Стекла были с тонкой белой молоденькой решеткой. Они были тонкие, чистые, выкрашенные белой краской. Это придавало выражение крайней молодости.
Мы никак не могли отделаться от мысли, что кто-то этим вечером должен был прийти.
Его надо было позвать и впустить к нам. Открыть ему двери сердца.
* * *
Наконец-то поэта, создателя миров, приютили. Конечно, понимавшие его, не презиравшие дыбом волос и диких свирепых глазищ. С утра художники ушли, а вечером застали его бледным. Весь дрожал и супился. Забыл поесть или не нашел целый день, со свирепыми глазами и прической лешего. Случайно узнали и хохотали:
– Да, не ел! Забыл поесть, – ну, малый! Дрожит, как курица, согнувшись и живот в себя вобравши.
Меж палитрами консервы оказались. Колбасы купили с заднего крыльца лавочки.
Был час ночи. Купили и вернулись. После дрыхли наповал.
Рассвет шалил. Вода замерзла в чашке. Все выспались. Один поэт озябнул. Потому что одеяла ком на плечах и ком на пятках оказался, а спина довольствовалась воздухом. И Норны провещали ему:
– Не быть тебе угретым, поэт, – хотя бы имел два теплых одеяла, тьму знакомых и семь теток, не быть, не быть тебе ни сытым, ни угретым.
Я боюсь за тебя. Слишком ты сродни пушистому ростку земляники, вылезающему из земли. И неспроста ты целуешь котят между ушками.
Я боюсь, как бы тебя не обидели люди.
Может, к тебе придет маленький дьявол в маске и скажет:
– Все вздор, кроме звука шарманки на дворе…
Как охотно ты ему поверишь…
А ведь проспектом в это время также будут катиться автомобили.
И красные, кирпичные, рассвирепевшие корпуса фабрик будут стукотать, стукотать, стукотать.

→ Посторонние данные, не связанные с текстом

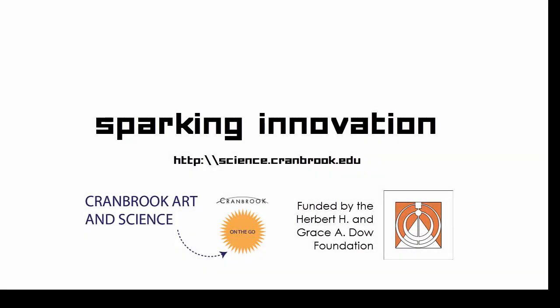Sparking Innovation is a program of Cranbrook Art and Science on the go, with funding provided by the Herbert H. and Grace A. Dow Foundation. Please visit science.cranbrook.edu for more information.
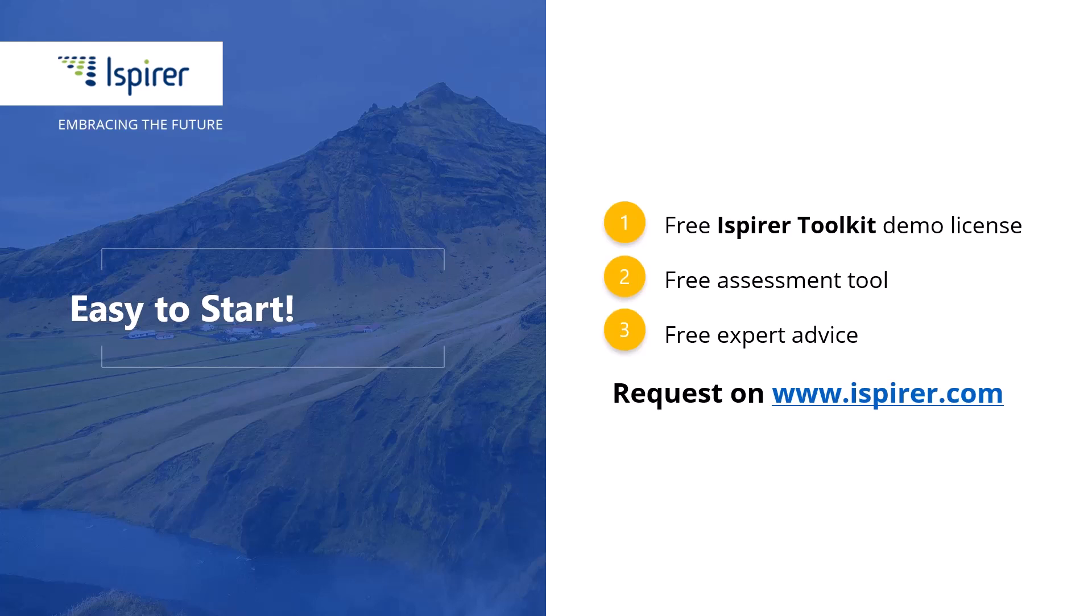You can find out more about database migration with SQLWays Wizard or get a free demo license for the Ispirer tools by following the links in the description. Thanks for watching.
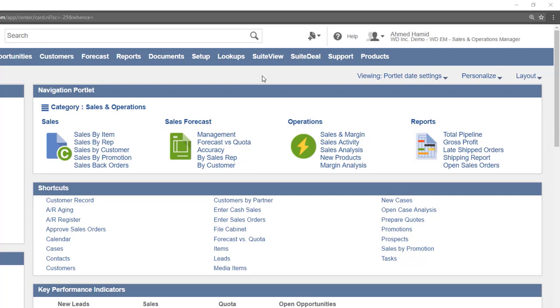The main difference with the navigation portlet and the shortcuts portlet is that the links are categorized and generally the navigation portlet provides access to items specifically for your role and contains links to specialized areas of the system that your role may need access to. The links are broken up into categories.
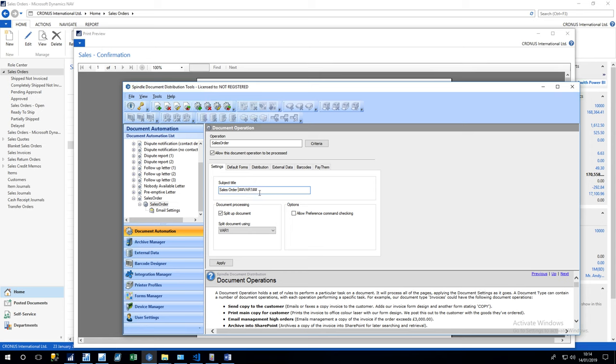And then the hash characters which follow it are showing that you're going to grab the data which is coming through from the top document and then transpose this data with the one that's coming through. So we're going to get sales order and the number of the sales order that comes through.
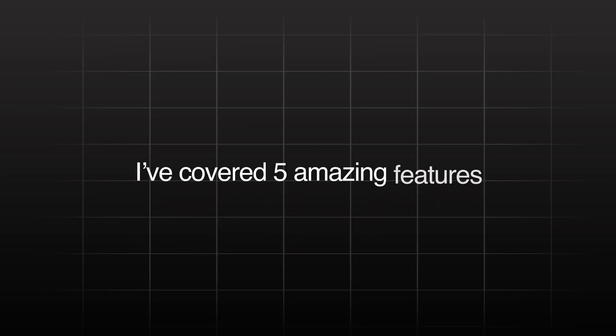I have covered five amazing features and there are many more. You should definitely try it. Link and prompts in the description.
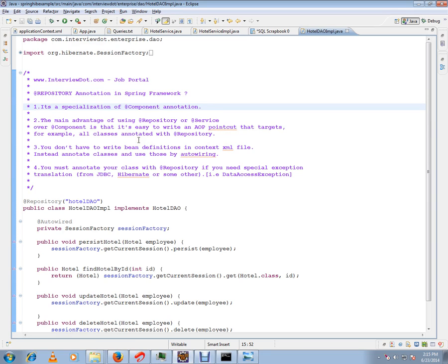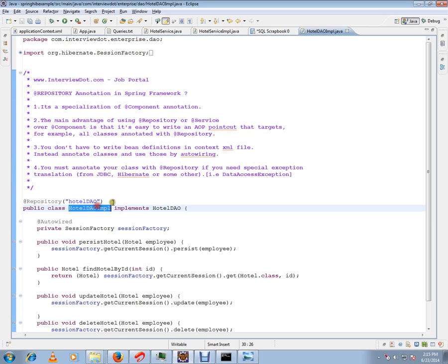Then I can apply aspect-oriented programming. You don't have to write bean definitions in the context XML file because we can avoid maintaining an XML file. Just on the top of the class you can have this repository annotation.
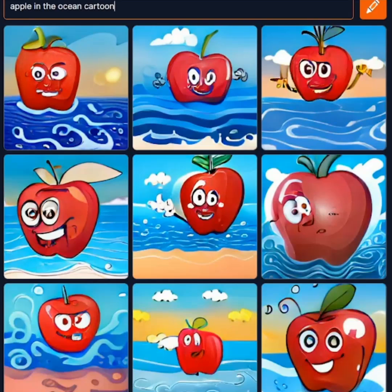Hey everybody! Welcome to AI Artworks. Today I'll be teaching you how to use and get the best images out of the Crayon AI model, formerly known as the DALL-E Mini.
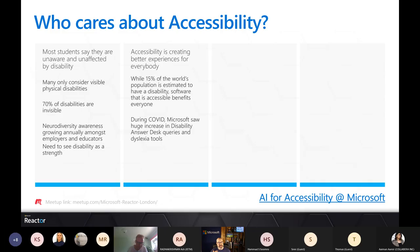Even from a purely business perspective, accessibility is good design and good practice. If there are a billion people who need accessible features in software, do you want to reduce your target market by a billion people? Of course not. It's important not to miss out on those opportunities.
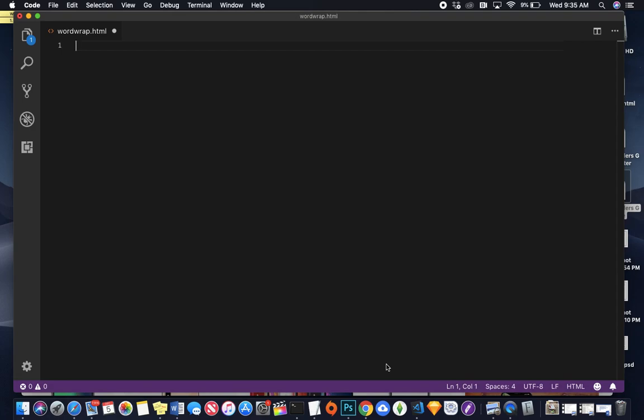Hey world, today I am going to show you how to use Word Wrap in Visual Studio Code.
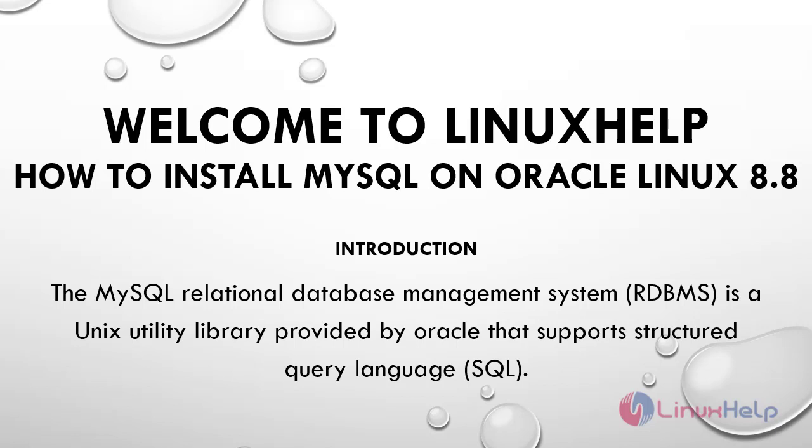Welcome to Linux Help. In today's session we are going to see how to install MySQL on Oracle Linux 8.8.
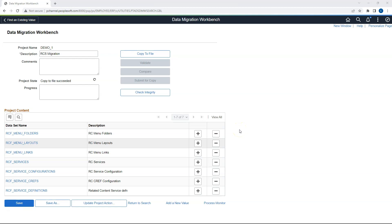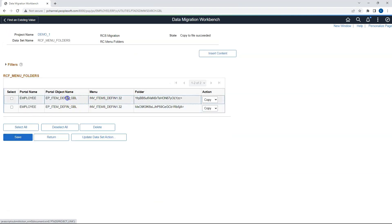As far as migration is concerned, Oracle provides several datasets which you can leverage to migrate your Related Content and Related Action configuration from one PeopleSoft environment to another. There are about seven datasets provided by Oracle to migrate RCF configuration. You can filter your specific configuration in each dataset using the portal object name as a filter when inserting objects into the Data Migration Workbench project. Only include objects that belong to your change. This concludes the Related Content Services tutorial. Thank you for staying till the end — please like and subscribe for more videos.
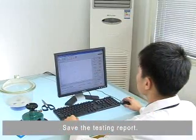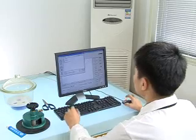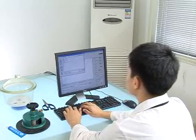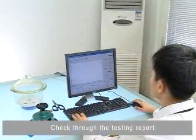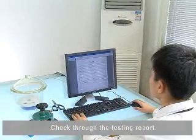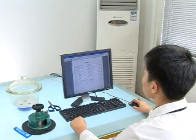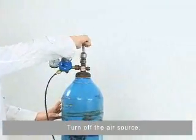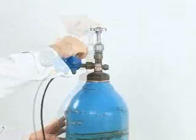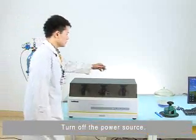Save the testing report once the test is complete, then check through the testing report for results. Finally, turn off the air source and then turn off the power source.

Пока таких маленьких, как ты, город прячет в карманы своих тихих, заросших дворов окраин, как тысячи других безделушек, но после, после…
* * *
Одному мальчику обижали мать. Он хотел бы драться, а мог только молча сопротивляться и увертываться, потому что это был большой, сильный и грубый враг.
Ему не позволили ходить в школу учиться: «Расти невеждой!» Он ничего не рассказал матери и спрятал молча книжки.
У него хотели отнять его озера, его милые голубые озера. И он решился опускать белобрысые ресницы и молчать: в этом была его защита и другой не было. Он стал угрюм.
– Видишь, какого змееныша воспитали! Мы его справедливо наказывали, ведь он всех нас ненавидит.
Он должен был выслушивать все молча, машинально вертя в руках ручку корзины. Это был бледный северный мальчик. В широкий упорный пролет меж его глаз вошло честное небо и море. Широкий, голубой взор моря.
Он бы мог хитрить, но мать же и выучила его ходить в кирку и быть честным. Он любил ее безуздное качание вершин, ее кирку и таратайку, и шарф, намотанный в июльский жар на шее, и песню, и песню…
Это все была его мать. У него отобрали его деревянные игрушки, – он молчал. И за то, что он не любил их, хотя и молча, – у него отняли свободу.